Die Bundesanwaltschaft habe die Ermittlungen noch in der Nacht wegen der "besonderen Bedeutung des Falls" übernommen, sagte ein Sprecher der Karlsruher Behörde am Donnerstag. Genauere Angaben machte er zunächst nicht. Hessens Innenminister Peter Beuth (CDU) sagte, die Bundesanwaltschaft habe den "Verdacht einer terroristischen Gewalttat". Auch er verwies darauf, dass die Ermittlungen auf ein "fremdenfeindliches Motiv" hindeuteten.
Bei dem mutmaßlichen Täter handelt es sich laut Beuth um einen 43-jährigen Deutschen aus Hanau. Er war demnach weder dem Verfassungsschutz noch der Polizei bekannt. Nach seiner Erkenntnis sei der Verdächtige Sportschütze gewesen und habe legal Waffen besessen, sagte der hessische Innenminister.
Durch die Schüsse am Mittwochabend waren weitere Menschen verletzt worden. Genaue Angaben zur Zahl der Verletzten machten die Ermittler zunächst nicht. Innenminister Beuth sprach von einem Schwerverletzten.

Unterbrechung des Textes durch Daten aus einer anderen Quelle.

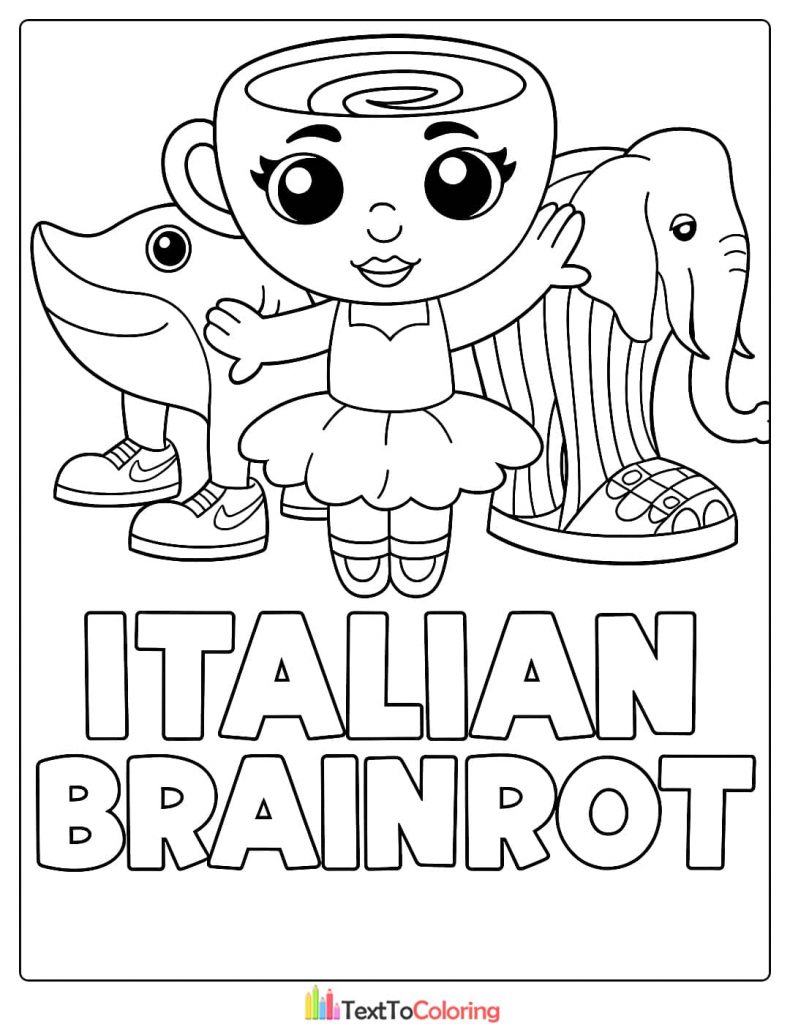 Ballerina Cappuccina Shark and Elephant Group Coloring Page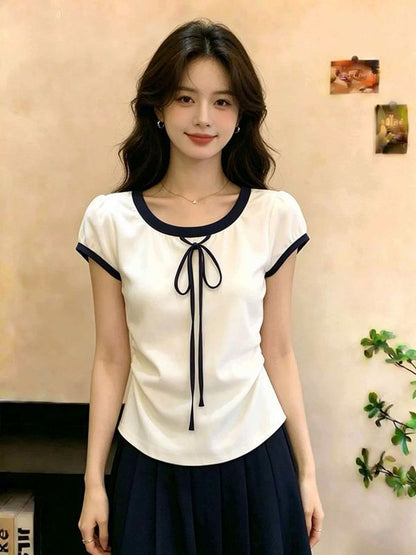 Short-Sleeve Round Neck Plain Bow T-Shirt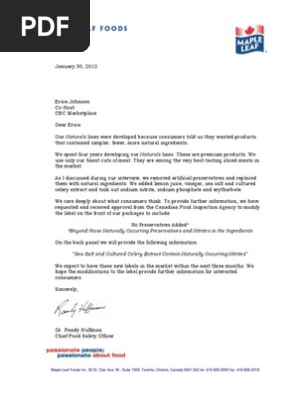 Maple Leaf foods response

Zur Identität der Opfer in den Shisha-Bars machten die Behörden ebenfalls keine Angaben. Unter den Toten befanden sich nach Angaben eines Dachverbands kurdischer Gemeinschaften in Deutschland mehrere Menschen kurdischer Herkunft.
Die genauen Hintergründe des Verbrechens waren zunächst noch unklar. Die Polizei fand ein Bekennerschreiben und ein Video, wie die Nachrichtenagentur AFP aus Ermittlungskreisen erfuhr. Hessens Innenminister Beuth sagte, die Internetseite des Verdächtigen werde ausgewertet. Daraus ergebe sich ein mutmaßlich fremdenfeindliches Motiv. Medienberichten zufolge äußerte der mutmaßliche Täter Verschwörungstheorien und teils rechtsradikale Ansichten.

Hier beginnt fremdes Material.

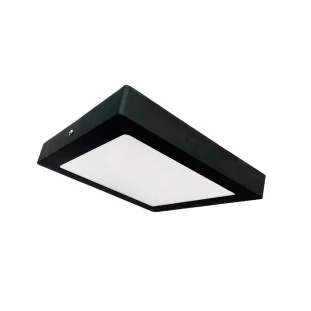 Plafon de Sobrepor LED Slim Quadrado 3000K 18W Bivolt 21,2x21,2x2,8cm Alumínio e Policarbonato Preto - Evoled LE-492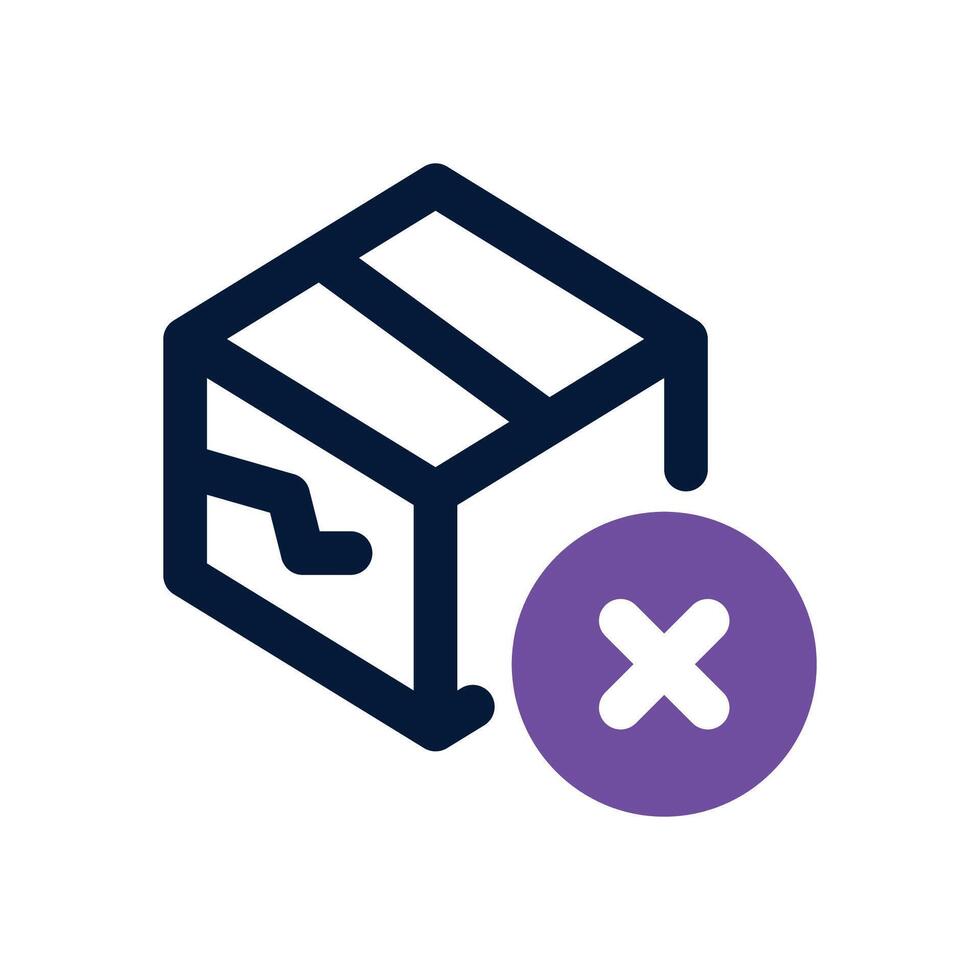 broken box dual tone icon. Sleek and modern icon for websites and mobile apps. vector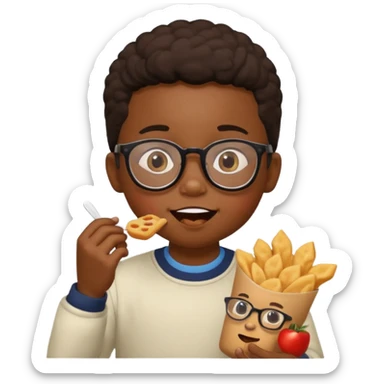 snack holding black kid with glasses on eyes sticker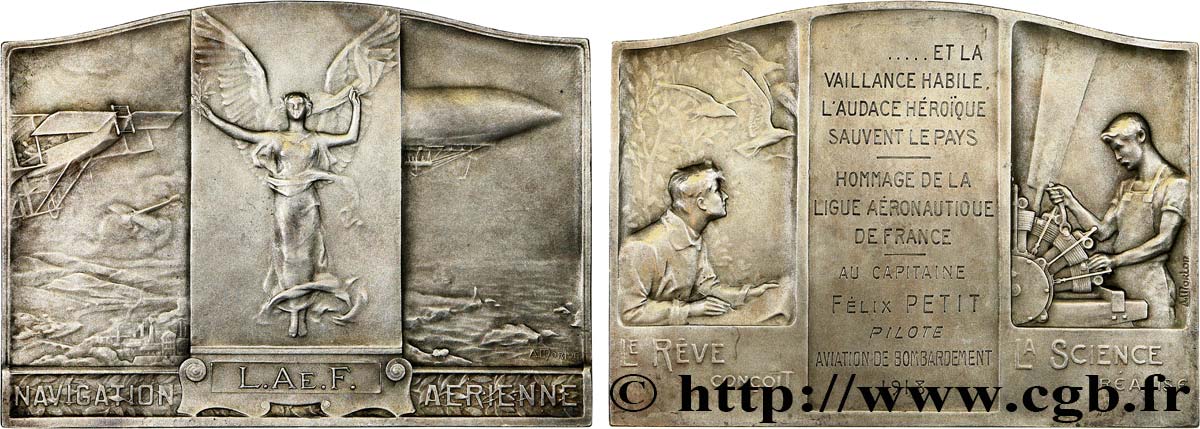 III REPUBLIC Plaquette, Hommage de la Ligue Aéronautique au Capitaine Félix Petit AU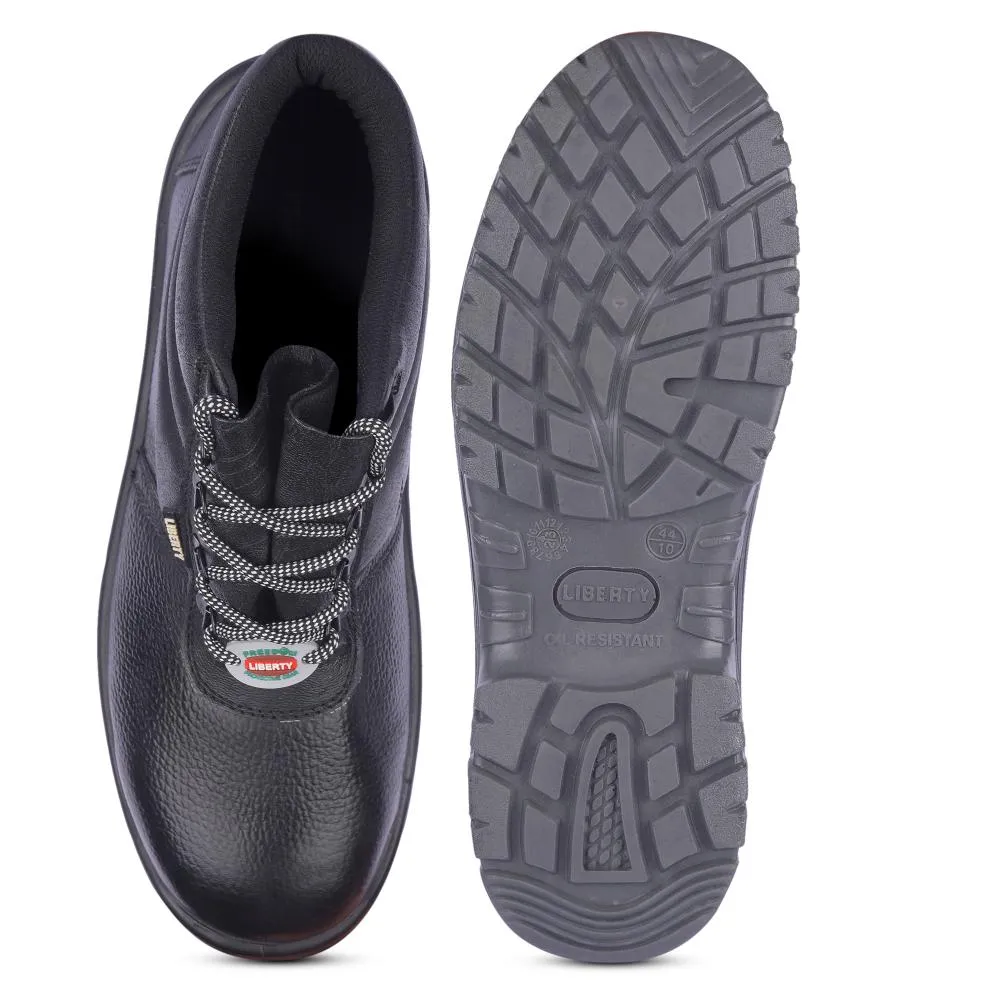 Freedom By Liberty Mens SURAKSHAAK Black Safety Lacing Shoes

Die Bluttat löste in Deutschland und auch international Entsetzen aus. "Die Gedanken sind heute morgen bei den Menschen in Hanau, in deren Mitte ein entsetzliches Verbrechen begangen wurde", schrieb Regierungssprecher Steffen Seibert auf Twitter.

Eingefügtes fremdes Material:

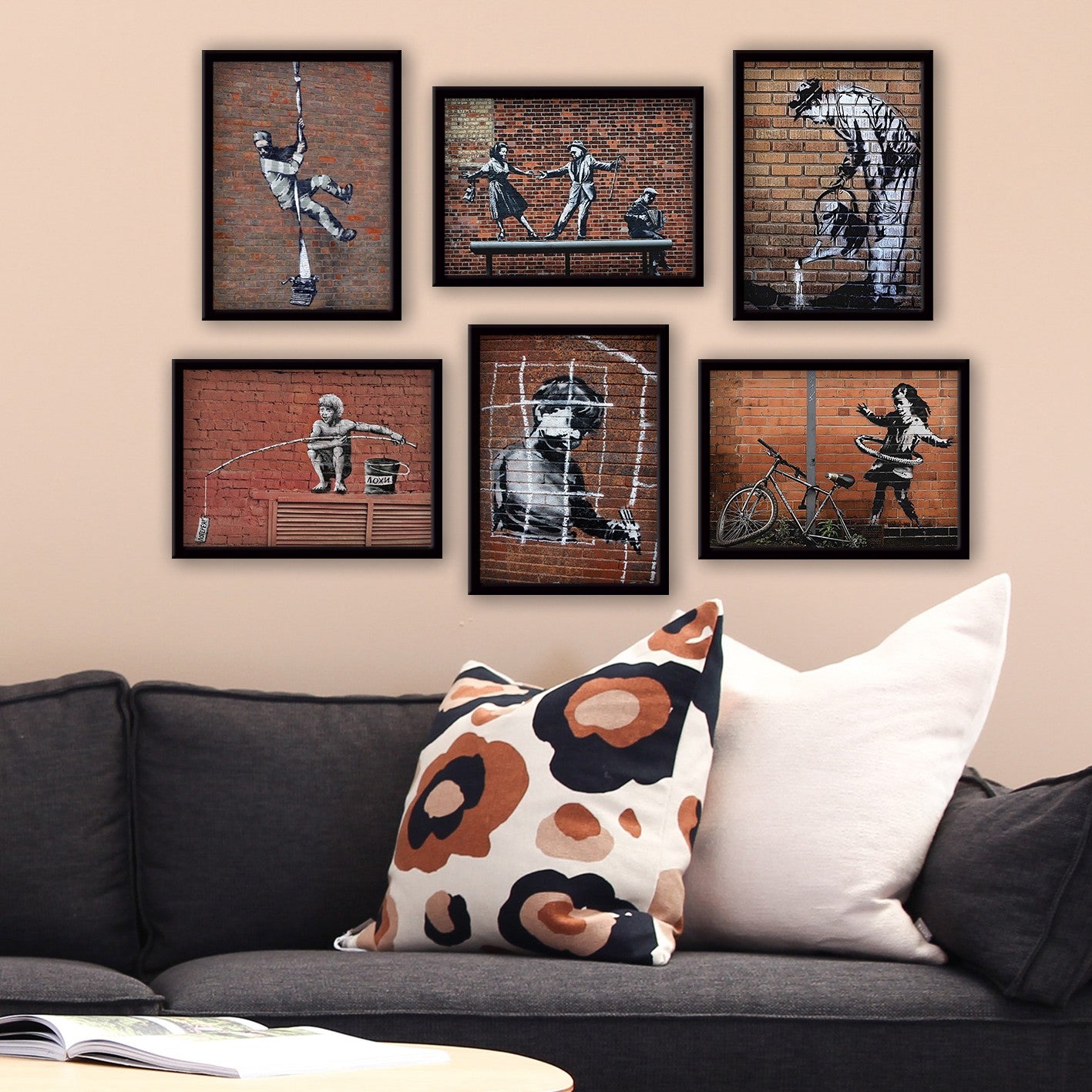 Conjunto de 6 Quadros Decorativos MDF Multicolor - Impressão UV de Alta Qualidade 35x45cm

Bundeskanzlerin Angela Merkel (CDU) sagte einen geplanten Besuch in Halle in Sachsen-Anhalt ab. Sie will sich am Mittag zu der Tat äußern. Im Laufe des Tages wird zudem Bundesinnenminister Horst Seehofer (CSU) in Hanau erwartet.
Die CDU-Vorsitzende Annegret Kramp-Karrenbauer schrieb auf Twitter, sie sei "fassungslos und traurig über die brutale Gewalttat". "Gewalt aus rechtsextremen Motiven darf uns nicht ruhen lassen, wir müssen dagegen zusammenstehen", schrieb Kramp-Karrenbauer.
Die SPD-Bundesvorsitzende Saskia Esken und weitere führende Politiker der Sozialdemokraten sprachen von rechtem Terror. "Viel zu lange haben wir uns davor gescheut, es mit klaren Worten zu benennen: Rechter Terror in Deutschland", kritisierte Esken. Bundesaußenminister Heiko Maas (SPD) sprach von "schrecklichen Ereignissen" und einer "grausamen Nacht". EU-Ratspräsident Charles Michel bezeichnete die Ereignisse auf Twitter als "Tragödie" und beklagte einen "sinnlosen Verlust von Menschenleben".
Hessens Ministerpräsident Volker Bouffier (CDU) sagte, dieser Tag sei "furchtbar". Die Tat mache "im Grunde sprachlos". Alle Bürger in Hessen seien "entsetzt". Der hessische Landtag brach nach einer Schweigeminute die Plenardebatte ab. Es sei "nicht angemessen", nach den Geschehnissen einfach die parlamentarische Arbeit fortzusetzen, sagte der Ministerpräsident. An öffentlichen Gebäuden in Hessen wurde Trauerbeflaggung angeordnet.